Rita Barberá crepuscular

16/09/2016

Joaquín Pérez Azaústre.

La tragedia de Rita Barberá es su degradación con aire de época. Cuando los episodios nacionales de la putrefacción parecían encadenados sin posibilidad de sorpresa, con su repetición seriada hasta el hartazgo, de pronto estalla Rita Barberá como una masa agigantada de osadía y agónico descaro, agarrándose al aforamiento y sugiriendo su posible culpabilidad. En nuestro Estado de derecho, todavía al menos, la presunción de inocencia sigue siendo una especie de límite moral para nuestro incendio colectivo, al contrario de lo que parece pensar Juan Carlos Rodríguez Ybarra. No es que España se haya vuelto “un país justiciero”, sino que andamos ahítos de injusticias varias. Sin embargo, el azote mediático, esta acumulación de robo a mano armada de legitimación electoral, parecía haber alcanzado sus mayores cotas de originalidad: todos los tipos más o menos parecidos, con esa arrogancia engominada sobre los cuellos altos de camisas italianas, con traje caro y zapatos lustrosos, cubiertos por abrigos amarillos no muy diferentes de aquel con piel de camello que ocupó el corpachón de William Holden en ese Sunset Boulevard tan crepuscular, comprado por Gloria Swanson/Norma Desmond, con un deseo febril de juventud. Aquí puede haber habido ese mismo deseo febril de cuerpos dorados en la orilla, tostados por el sol de las líneas salinas, pero lo que se ha impuesto ha sido el maletín lleno de fajos. Así, hace tiempo que todos estos tipos son un lugar común con poca gracia –o maldita la gracia- como caricatura de la realidad. Pero entonces llega Rita Barberá, sola ante el peligro de la soledad sin palacio de invierno, sin mansión ajada ni paraíso perdido, y su propio PP, que antes movía la tierra cuando saltaba con ella en plena victoria electoral, antes de brindar con un gin-tonic, le da la espalda, le agradece los servicios prestados y le pide además que abandone su sitio del Senado, esa toga amplia y transparente de legitimidad.

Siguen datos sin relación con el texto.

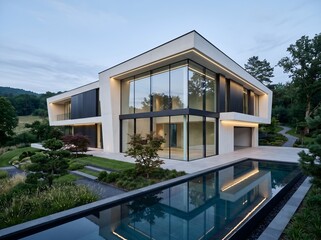 Fototapeta premium Modern House with Luxury Contemporary Architecture and a Sleek Swimming Pool at Dusk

Ese carácter desbordante, con su corporeidad cavernosa de voz, la arrogancia intuitiva de encarar la alcaldía de Valencia y la misma política como la propiedad de un territorio sin ley, con sus instituciones como parcelas rústicas, controladas por una red de capataces a sueldo, parecen varias de las singularidades de esta mujer grande en su expansión entre los lazos del dinero público, como ranchera fuerte y poderosa, de volumen sensible, traicionada y vendida por los suyos, que puede terminar disparando al pianista, mientras se pide un whisky tras llevarse a varios de los suyos por delante.

Rita Barberá está sola, pero no lo ha estado hasta ahora: ni en lo que hacía, ni en su manera de hacerlo, porque la acompañaban varios de los que hoy reclaman su marcha. Su silencio será caro, aunque anden exigiendo su sueldo de senadora. El aforamiento es una garantía ciudadana para la protección jurídica de nuestros representantes, pero convertirlo en una fortaleza de la villanía es un descrédito de nuestra democracia visceral. Rita Barberá, abandonada en su película, se agarra a su aforamiento para hundirse dramáticamente.